• [WORK TO BE COMPLETED] Could you retype, exactly and with no pictures, only the lines from the first line of the records below through the line that contains "Dennis Alquiler De"?

━━ RECORDED INFORMATION ━━

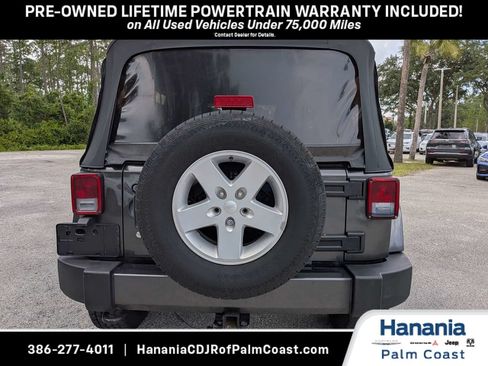 Used 2017 Jeep Wrangler Unlimited Sahara w/ Connectivity Group AWD/4WD image 4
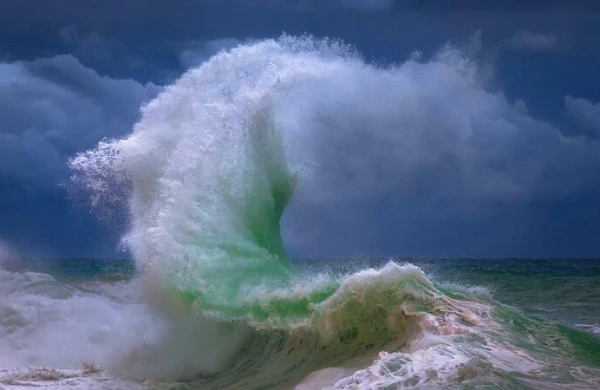 Küləyin sürəti gücləndi, dalğanın hündürlüyü 3,2 metrə çatdı - FAKTİKİ HAVA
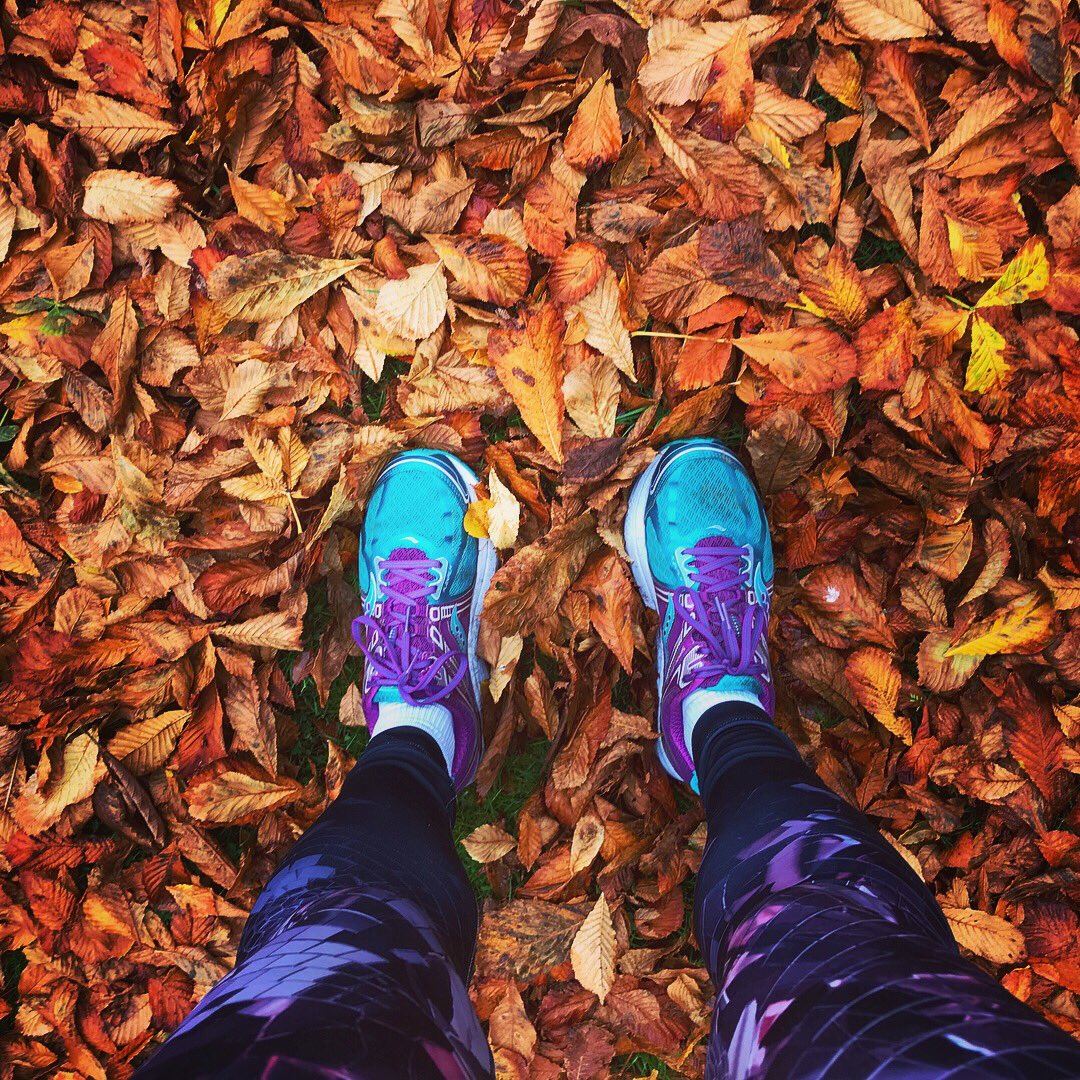 BeckiHall's tweet photo. It's 1st Oct-Which means the @Ronhill_UK #RunEveryDay #OctoberChallange! Those autumn leaves made it worthwhile. 4miles 👌🏼🏃🏻‍♀️🍁🍂 #runhappy https://t.co/S4kSWhQEmI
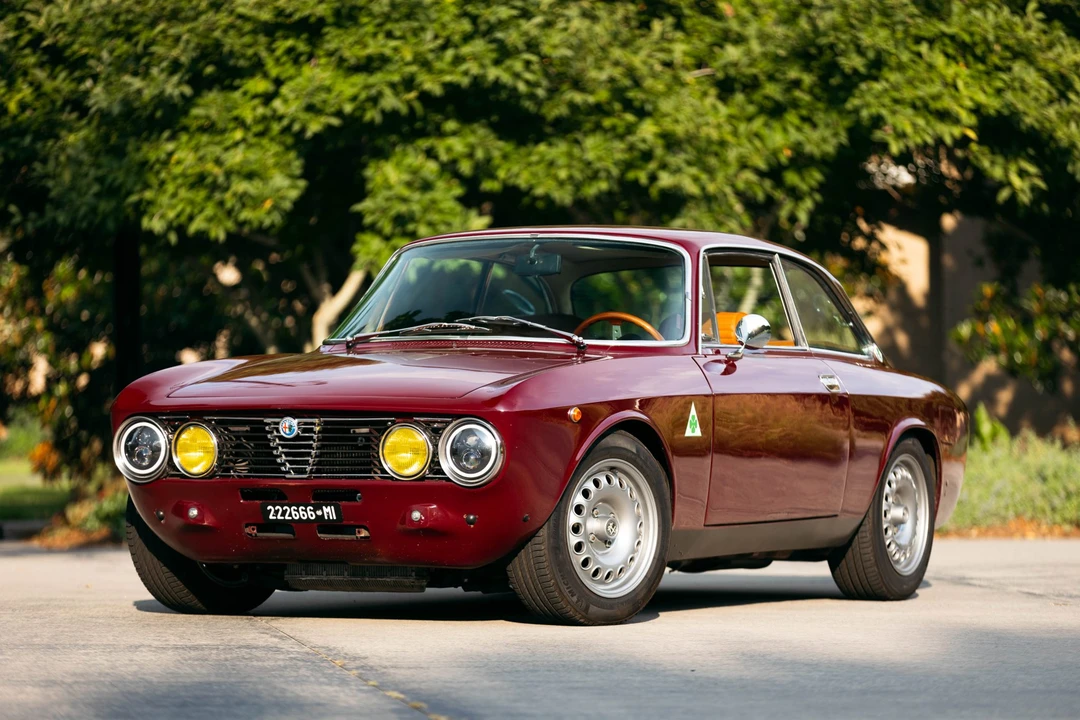 1974 Alfa Romeo 2000 GT Veloce - Image 2 of 31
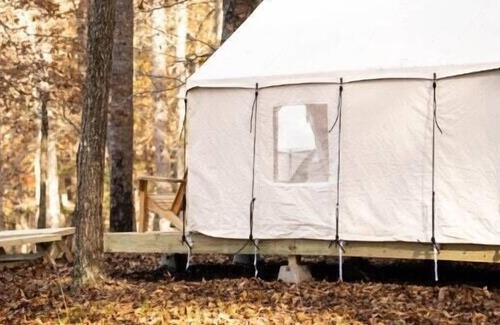 Dennis Alquiler De RV | Tentrr State Park Site - Mississippi Tishomingo State Park - Haynes Lake South C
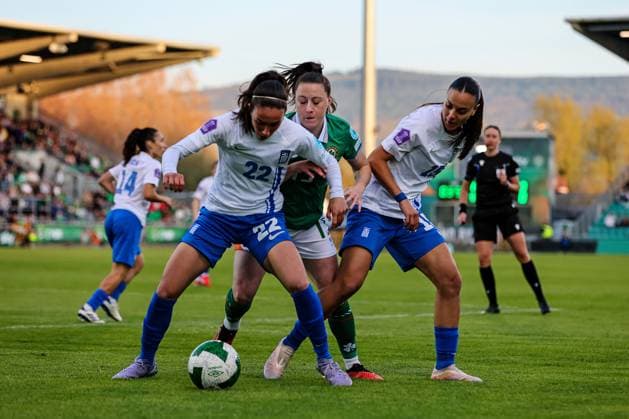 UEFA Women s Nations League 2025, Tallaght Stadium, Dublin 8 4 2025 Republic of Ireland WNT vs Greece Ireland s Lucy Quinn and Greece s Maria Paterna and Greece s Stamatia Ntarzanou Lucy Quinn with Maria Paterna and Stamatia Ntarzanou 8 4 2025  Copyright: x INPHO RyanxByrnex RB1_6113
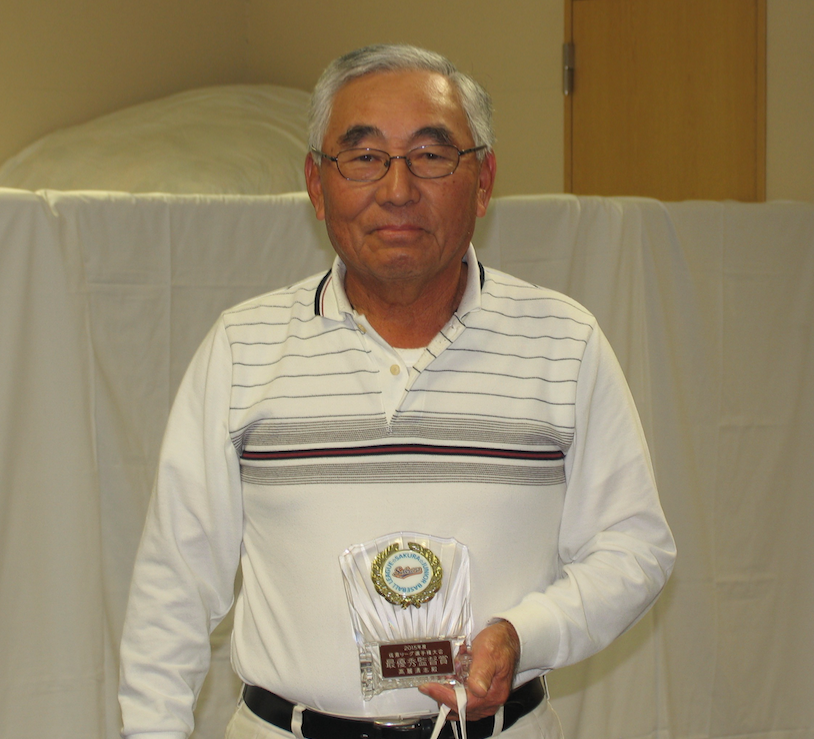 最優秀監督賞に高麗清志ジュニアコスモス監督，亀川信西志津クラブ監督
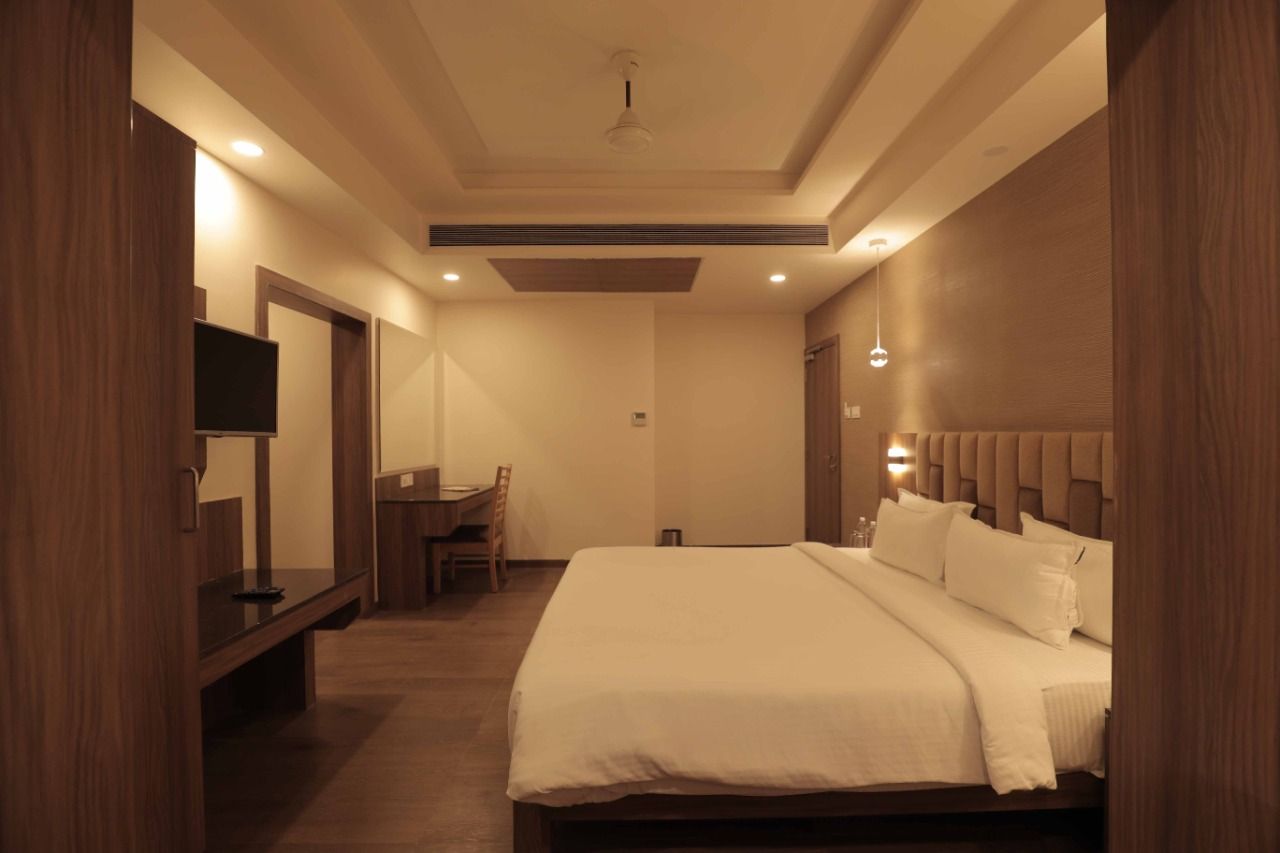 Pride Biznotel Sasan Gir Deluxe Room 5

━━━

• [EXERCISE RESPONSE]
 Used 2017 Jeep Wrangler Unlimited Sahara w/ Connectivity Group AWD/4WD image 4
 Küləyin sürəti gücləndi, dalğanın hündürlüyü 3,2 metrə çatdı - FAKTİKİ HAVA
 BeckiHall's tweet photo. It's 1st Oct-Which means the @Ronhill_UK #RunEveryDay #OctoberChallange! Those autumn leaves made it worthwhile. 4miles 👌🏼🏃🏻‍♀️🍁🍂 #runhappy https://t.co/S4kSWhQEmI
 1974 Alfa Romeo 2000 GT Veloce - Image 2 of 31
 Dennis Alquiler De RV | Tentrr State Park Site - Mississippi Tishomingo State Park - Haynes Lake South C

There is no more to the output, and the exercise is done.